Leaving the pictures aside, repeat each line below exactly.

Stored data:
****

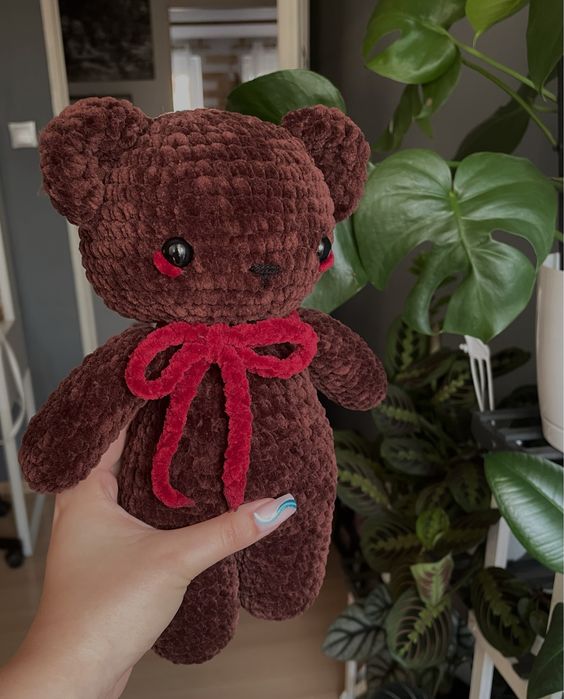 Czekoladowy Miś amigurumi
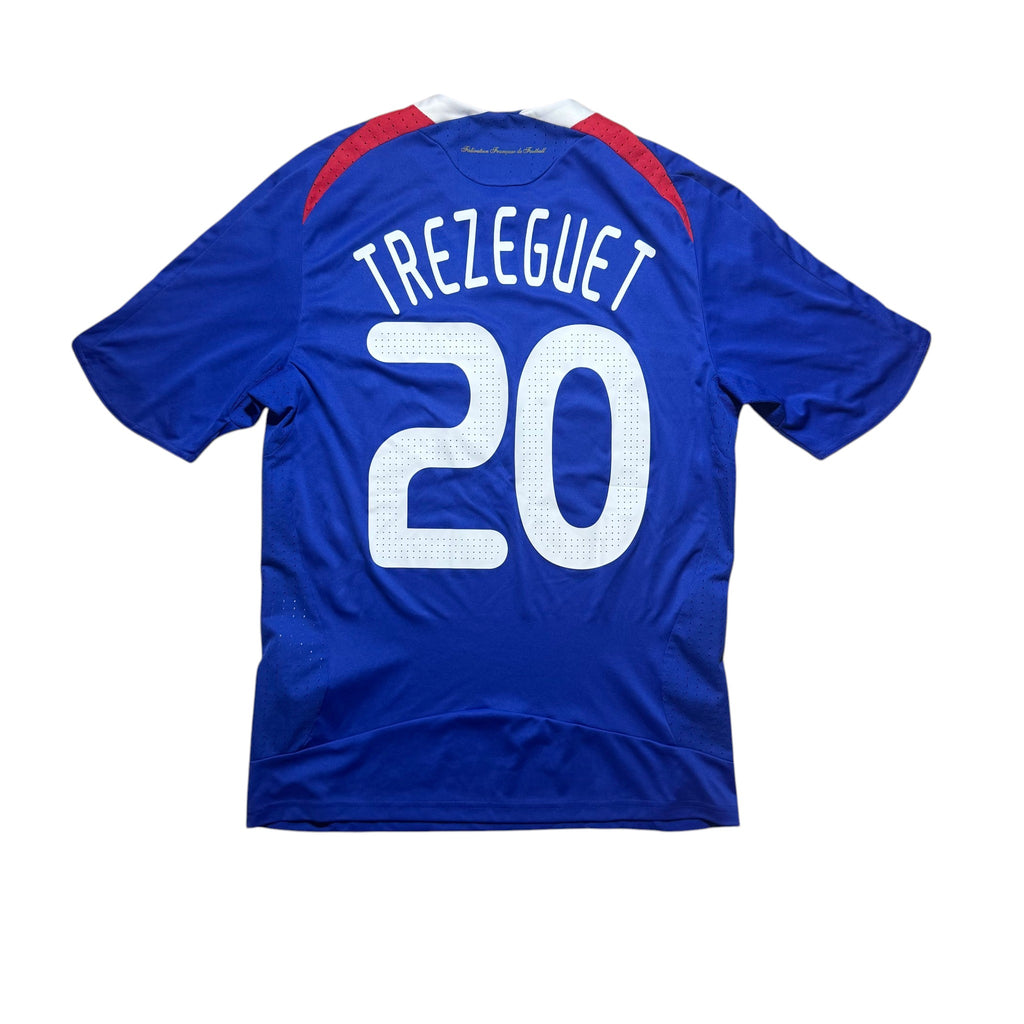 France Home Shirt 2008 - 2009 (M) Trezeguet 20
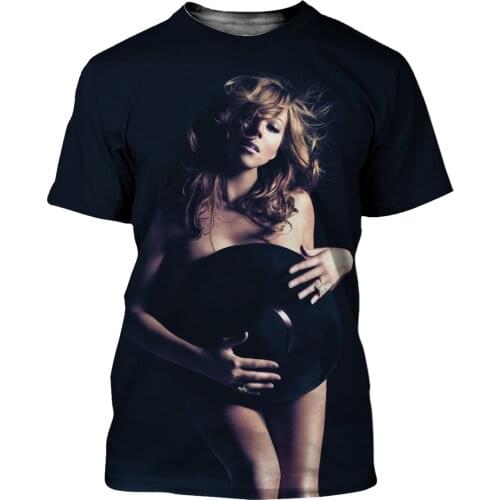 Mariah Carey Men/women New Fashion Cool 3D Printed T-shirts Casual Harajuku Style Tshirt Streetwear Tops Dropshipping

****

Problem solution:
 Czekoladowy Miś amigurumi
 France Home Shirt 2008 - 2009 (M) Trezeguet 20
 Mariah Carey Men/women New Fashion Cool 3D Printed T-shirts Casual Harajuku Style Tshirt Streetwear Tops Dropshipping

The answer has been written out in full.